British civil engineer

John England MICE (1822 – 14 September 1877) was a British civil engineer prominent in the history of the Colony of South Australia.

==History==
John England junior, as he was generally known, was the second son of John England, a prominent solicitor of Hull, Yorkshire. He was educated at the local High School and was articled to the eminent engineer (later Sir) William Fairbairn. On gaining his degree, he was put in charge of design and construction of engines for the HMSS Megara and her sister ship. When Fairbairn was commissioned by Brunel to design girders for the Menai Bridge, England and a Mr. Murray were charged with investigating various tubular forms and constricting a one-fourth scale model of the bridge to test its breaking strain.
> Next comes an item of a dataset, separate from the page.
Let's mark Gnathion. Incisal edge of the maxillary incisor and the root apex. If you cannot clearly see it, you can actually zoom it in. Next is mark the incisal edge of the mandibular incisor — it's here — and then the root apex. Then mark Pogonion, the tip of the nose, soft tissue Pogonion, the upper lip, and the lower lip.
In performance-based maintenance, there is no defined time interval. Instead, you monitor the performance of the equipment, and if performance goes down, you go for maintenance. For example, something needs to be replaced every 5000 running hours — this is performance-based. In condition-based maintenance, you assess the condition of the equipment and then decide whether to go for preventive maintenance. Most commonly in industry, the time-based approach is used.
His work drew the attention of Charles Vignoles, who then employed England to supervise construction of the suspension bridge over the Dnieper at Kiev, a job which took five years, from 1842 to 1847. In recognition of his work he was offered the post of Captain in the Imperial Engineer Corps, but his health had suffered from the cold climate, and he decided to move to South Australia.
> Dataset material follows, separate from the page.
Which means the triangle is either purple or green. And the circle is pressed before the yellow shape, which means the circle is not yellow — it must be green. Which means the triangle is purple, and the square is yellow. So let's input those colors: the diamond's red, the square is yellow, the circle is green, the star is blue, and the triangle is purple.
He arrived in Adelaide in 1851, and after a brief sojourn in Melbourne, he set up a contracting business in Adelaide, and after constructing a number of wooden bridges, submitted a design for a tubular steel bridge over the Torrens, together with a plan for extending King William Street (as King William Road) to North Adelaide. He and William Robson Coulthard erected the Glenelg jetty, the first screw-pile structure in Australia. He was appointed City Surveyor, but resigned that position to take over the Adelaide Waterworks on the retirement of George Ernest Hamilton in 1858 and the amalgamation of that position with that of Resident Engineer of South Australian Railways. He supervised construction of the Thorndon Park reservoir and its reticulation. He was instrumental in the erection of the Port Adelaide lighthouse and upgrading the Troubridge lighthouse.

He left the Public Service in 1867 after a Select Committee found he had authorized over-payment to the Thorndon Park contractor, and joined the firm of Wallace and Morel, who were laying the railway north from Port Augusta. This project was abandoned, and England left for Japan, where he had been appointed Chief Engineer of the Japanese Imperial Railways. He died in Tokyo.